Task prompt: This exercise asks for every line of the material that contains the word "with".

*** Begin section ***

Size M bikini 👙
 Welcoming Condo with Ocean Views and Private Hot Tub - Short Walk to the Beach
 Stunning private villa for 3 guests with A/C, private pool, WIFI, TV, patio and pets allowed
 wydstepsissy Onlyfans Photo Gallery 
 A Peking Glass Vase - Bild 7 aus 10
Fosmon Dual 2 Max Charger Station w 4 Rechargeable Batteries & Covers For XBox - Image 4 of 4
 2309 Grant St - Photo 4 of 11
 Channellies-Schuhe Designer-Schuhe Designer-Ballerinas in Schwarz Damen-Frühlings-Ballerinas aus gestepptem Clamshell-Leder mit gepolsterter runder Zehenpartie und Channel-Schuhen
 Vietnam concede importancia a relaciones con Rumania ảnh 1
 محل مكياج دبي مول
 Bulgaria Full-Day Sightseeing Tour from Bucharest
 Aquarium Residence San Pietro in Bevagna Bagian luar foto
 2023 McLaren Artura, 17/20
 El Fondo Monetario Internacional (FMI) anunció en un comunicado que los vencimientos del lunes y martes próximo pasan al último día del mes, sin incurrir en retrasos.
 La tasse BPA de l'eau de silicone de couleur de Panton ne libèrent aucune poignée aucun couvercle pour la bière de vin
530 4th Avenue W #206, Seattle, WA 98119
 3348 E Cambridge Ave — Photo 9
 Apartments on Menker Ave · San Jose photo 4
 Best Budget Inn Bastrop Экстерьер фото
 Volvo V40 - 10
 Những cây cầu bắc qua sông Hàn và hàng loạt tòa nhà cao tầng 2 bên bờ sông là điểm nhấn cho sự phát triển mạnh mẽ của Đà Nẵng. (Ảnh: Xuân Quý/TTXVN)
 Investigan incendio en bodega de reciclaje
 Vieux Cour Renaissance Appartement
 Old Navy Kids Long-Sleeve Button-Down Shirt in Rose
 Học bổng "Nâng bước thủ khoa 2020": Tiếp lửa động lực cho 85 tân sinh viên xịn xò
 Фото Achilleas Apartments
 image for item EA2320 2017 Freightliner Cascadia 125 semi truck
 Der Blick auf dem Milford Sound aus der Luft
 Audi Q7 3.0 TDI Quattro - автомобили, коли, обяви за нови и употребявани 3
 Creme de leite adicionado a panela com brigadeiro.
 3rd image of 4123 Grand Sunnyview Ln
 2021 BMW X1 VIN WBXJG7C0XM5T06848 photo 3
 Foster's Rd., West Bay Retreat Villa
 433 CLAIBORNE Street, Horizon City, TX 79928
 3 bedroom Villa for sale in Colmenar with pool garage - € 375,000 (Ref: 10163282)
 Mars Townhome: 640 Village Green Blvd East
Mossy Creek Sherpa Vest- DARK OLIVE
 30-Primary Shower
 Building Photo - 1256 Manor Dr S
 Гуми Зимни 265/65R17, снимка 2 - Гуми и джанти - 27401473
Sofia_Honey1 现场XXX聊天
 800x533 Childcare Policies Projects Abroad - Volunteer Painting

*** End section ***

Written response:
 Welcoming Condo with Ocean Views and Private Hot Tub - Short Walk to the Beach
 Stunning private villa for 3 guests with A/C, private pool, WIFI, TV, patio and pets allowed
 3 bedroom Villa for sale in Colmenar with pool garage - € 375,000 (Ref: 10163282)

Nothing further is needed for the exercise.